Today is

   "A word to the wise ain't necessary --  
          it's the stupid ones that need the advice."
					-Bill Cosby

Monday, April 16, 2007

Out and About

"Are we better off without religion?"Roger Scruton discusses the question:

All those facts about the human condition dispose us to look for the places where we can stand, as it were, at the window of our empirical world and gaze out towards the transcendental – the places from which light from that other sphere floods over us. There is nothing irrational in looking for these places, or in the thought that we find them by locating what is sacred – sacred words, sacred texts, sacred rituals. And by looking for the sacred we are also constructing a community, so that the meanings and values that we find are shared with others. A religious community is not a scientific community. It contains idiocy, prejudice, ignorance and stupidity in all the proportions that these are displayed by mankind as a whole. But that is its great virtue: it can draw people, whatever their talents and intellectual powers, into a shared apprehension of their condition. It can teach humility and justice, and remind the one with power, knowledge, wealth or artistic talent, that he is the equal of the one beside him in the moment of worship, however ignorant, weak or sinful that person might be.
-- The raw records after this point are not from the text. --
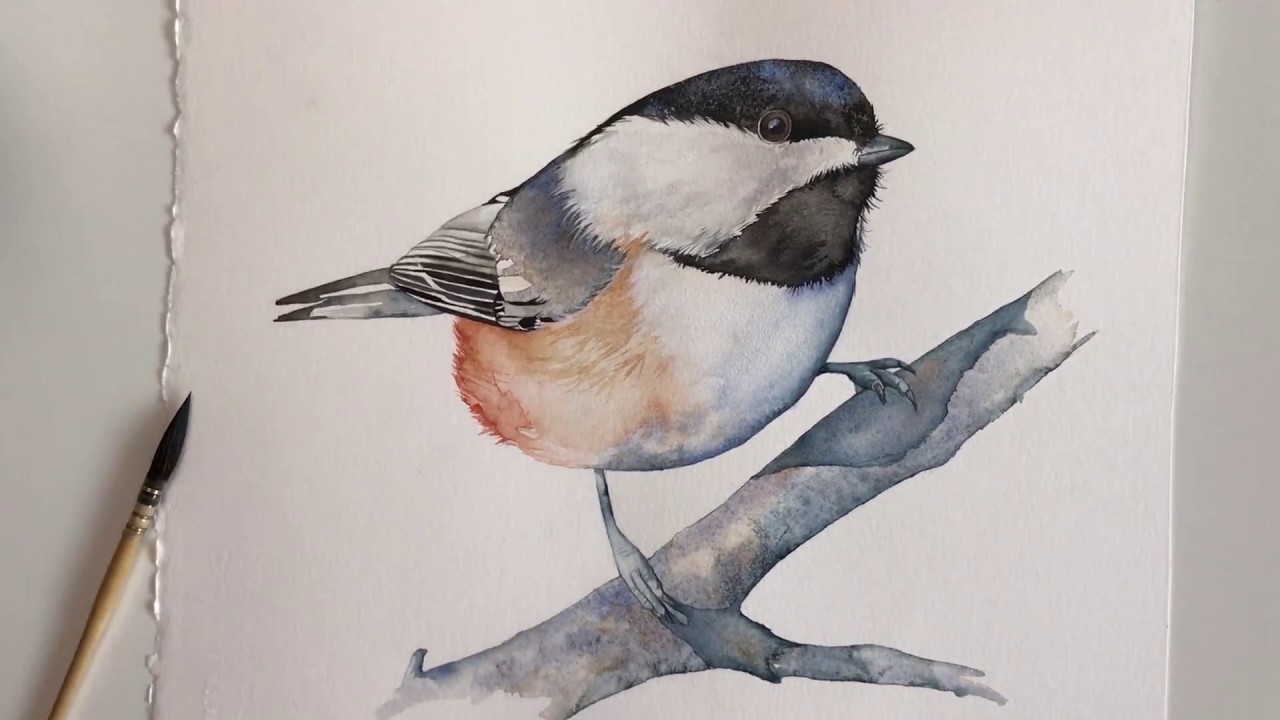 1280x720 Paint A Chickadee In Watercolour - Chickadee Watercolor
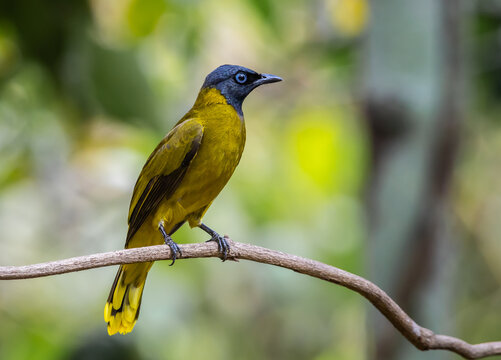 Black-headed Bulbul Perched on Branch.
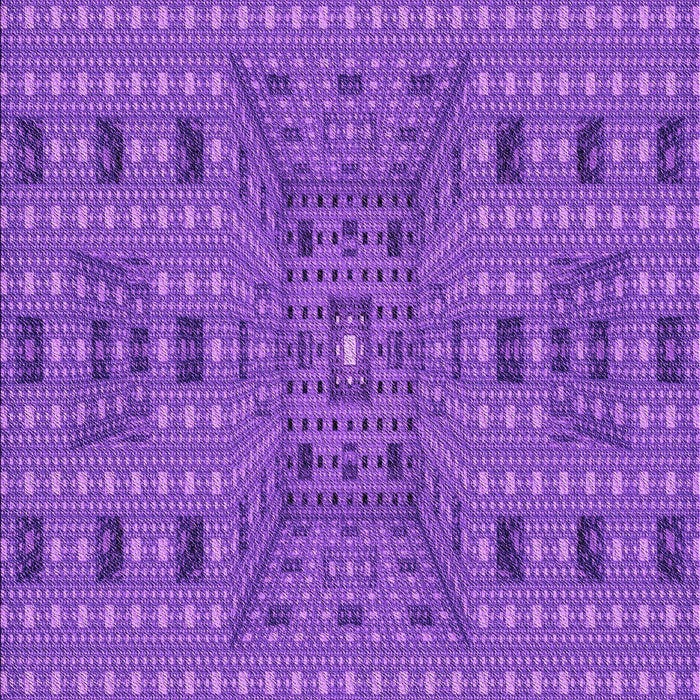 Machine Washable Transitional Purple Rug, wshpat1368pur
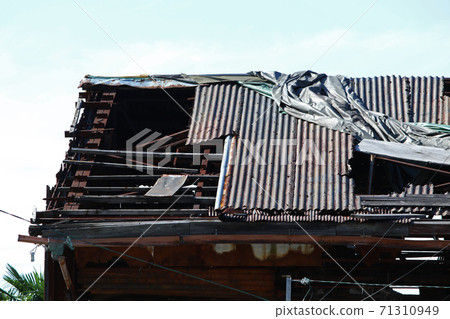 Galvanized iron roof that is likely to break with holes 71310949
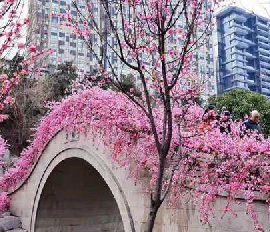 仿真桃花树造景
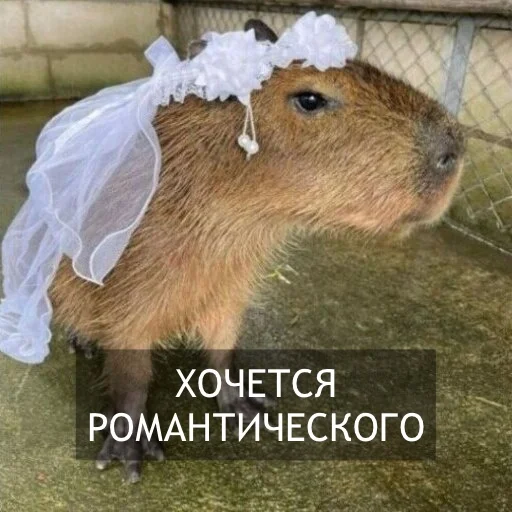 Стикер Kapibara @livelib_official - 10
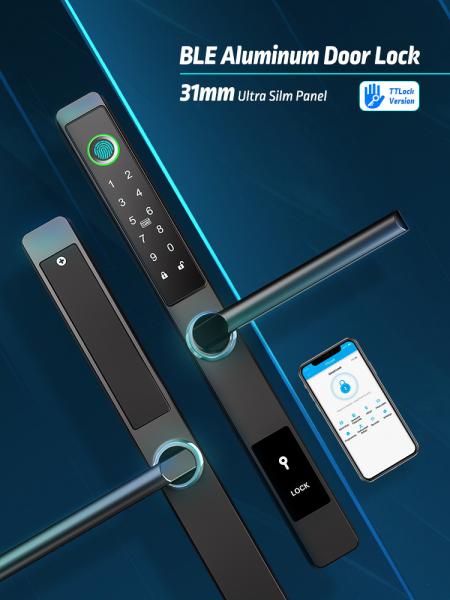 La serrure de porte biométrique d'écran tactile résidentielle avec le scanner d'empreinte digitale, expriment l'invite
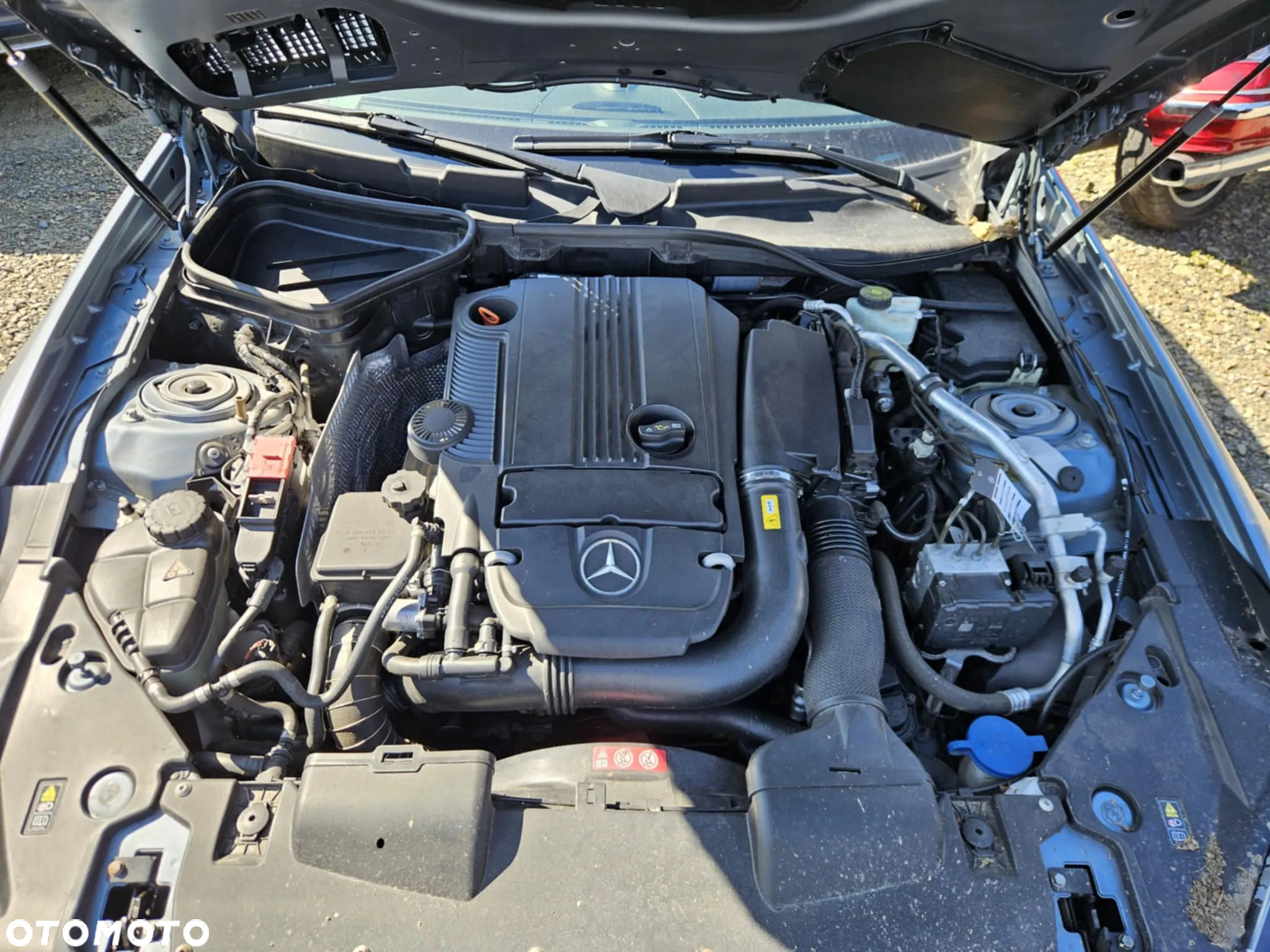 Mercedes-Benz SLK 250 BlueEFFICIENCY 7G-TRONIC Edition 1 - 30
Michael Drout ironically proposes Dyson's Law: "It's impossible for good writing to include an Elf." Please read his terrific post about the depth of Tolkien's prose, and the shallow critical hubris that dismisses it.

Here's a sample:

It is not, then, that Tolken's prose lacks depth, but that the depths which it references are not the depths that the critic knows. But why is Tolkien to blame here ? Isn't, per Toynbee, the great writer supposed to rush ahead and the critic to make the effort to follow? Who has legislated that the set of references and texts must be those with which the critic is comfortable? Eliot seems to be mocking the lack of erudition of many critics when he published his own footnotes to "The Waste Land," and critics who don't follow Tolkien's references also lack erudition (of a different kind, "northern" rather than Classical, for example), but rather than making the effort to acquire it, they assume the references are obscure, "tweedy," "donish," "dotty."

Appleyard's comparison to T.H. White's The Once and Future King is telling. White's work is infused with irony, that all-purpose condiment of modernist writers, critics and journalists. Tolkien has really very little interest in that kind of irony (which often is, to my mind, superficial, though not in White's case). But irony is easy for the critic, and it allows him or her to present a pose of superiority, which is essential if you are going to tell people what they should or should not like (rather than, say, explain how an aesthetic artifact produces its effects on different readers). It is an additional layer of irony: not only does the reader know things that the character do not, the critic is assumed to know things, important things, that the author does not.
. . .

There is also much "depth" in The Children of Húrin, but the depth is, as Gergely Nagy has shown in the single best article written on Tolkien the past decade, related to Tolkien's own body of texts. Unlike other imitative fantasy, Tolkien's work produces the "feel" of reading myth. His layers of poems, stories, anecdotes, annals and sketches works to produce the kind of textuality otherwise possessed only by works that have been handled by many writers and readers over many centuries. No one else has managed this feat, before or since: not Joyce, Pound, Eliot, Morrison, Rushdie or even Eco (Borges perhaps comes close).

I like that final little dig at the critic's darlings.